Sunday, January 13, 2013

Adjust Your Attitude

Mohandas Gandhi is quoted as saying, “Keep your thoughts positive because your thoughts become your words. Keep your words positive because your words become your behavior. Keep your behavior positive because your behavior becomes your habits. Keep your habits positive because your habits become your values. Keep your values positive because your values become your destiny.”

Most of us, leaders included, have needed an attitude adjustment at one time or another. Our evaluations of people, objects, events, and ideas are often framed in the context of attitude. Researchers disagree about the specific definition for attitude but do seem to find consensus around the idea that attitude has a conscious and unconscious component. Gandhi’s quote makes it clear that attitudes do have consequences.

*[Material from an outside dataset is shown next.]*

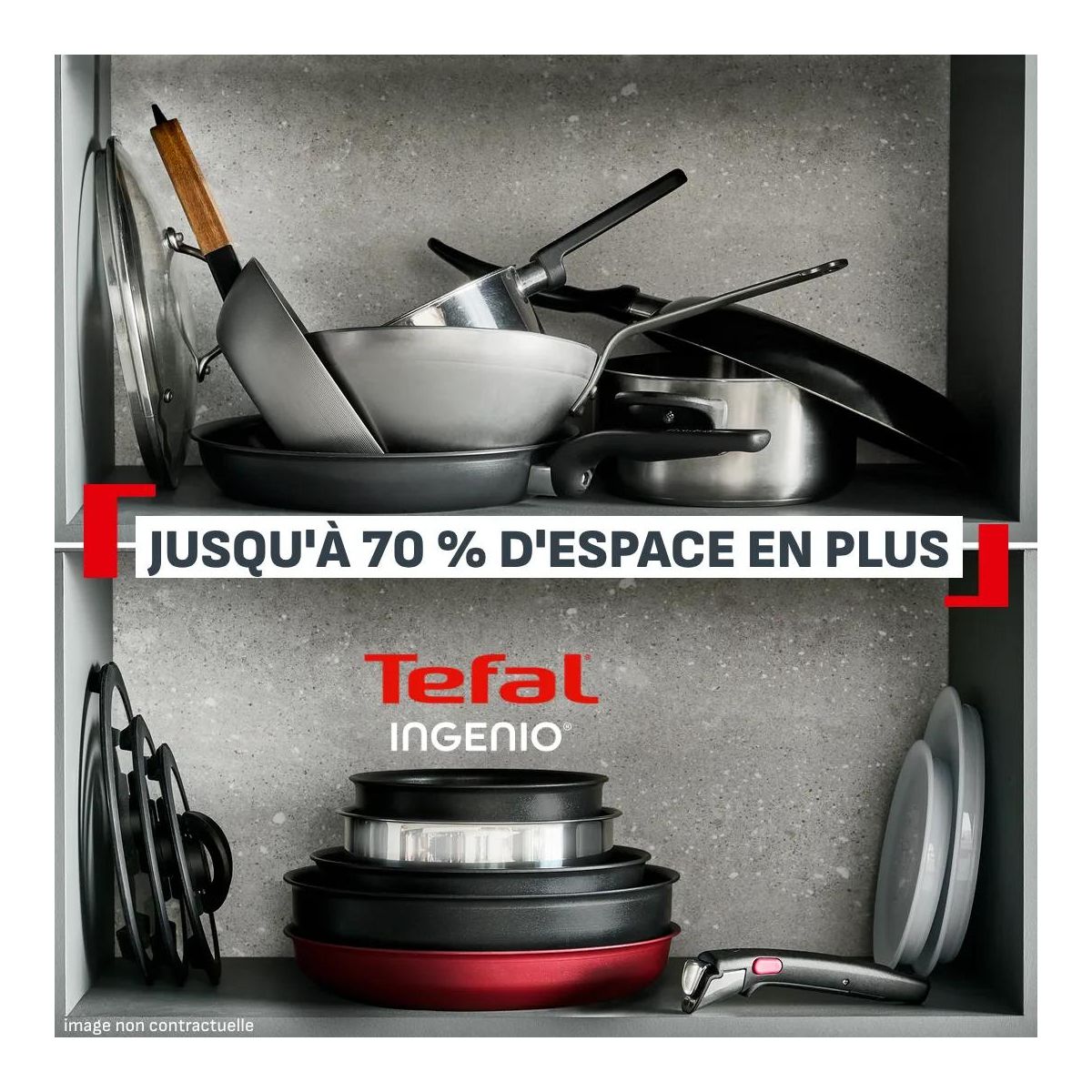 Casserole Ingenio Excellence 18cm noir, TEFAL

Changing one’s attitude is largely a response to communication. Leaders who are intelligent and self-confident are less easily persuaded by one-sided messages. The credibility of the messenger (perceived expertise and trustworthiness) affects how easily one’s attitude shifts to a new position. Because emotion also plays a role it is easy to see why no-smoking and global warning campaigns can be successful tools to influence attitudes.

Leaders who demonstrate largely negative behaviors in the workplace can create an environment where fear and mistrust poison the attitudes of direct reports and colleagues leading to decreased morale and productivity. If that same leader would adjust his or her attitude to be more positive it is likely the workplace surroundings would change for the better as well.

Measuring attitudes is inherently difficult. A leader might explicitly report that they harbor little prejudice while implicitly hiding their real intentions. Attitudes are further complicated by social norms. The pressure to fit in could influence one’s willingness to shift their attitude.

Gandhi’s connection between positive thoughts (attitudes) and words, behaviors, habits, and values is prescriptive. A leader who is willing to adjust his or her attitude, especially in a positive way, will leave a legacy that is worth emulating. As Martha Washington once said, “The greater part of our happiness or misery depends upon our dispositions, and not upon our circumstances.”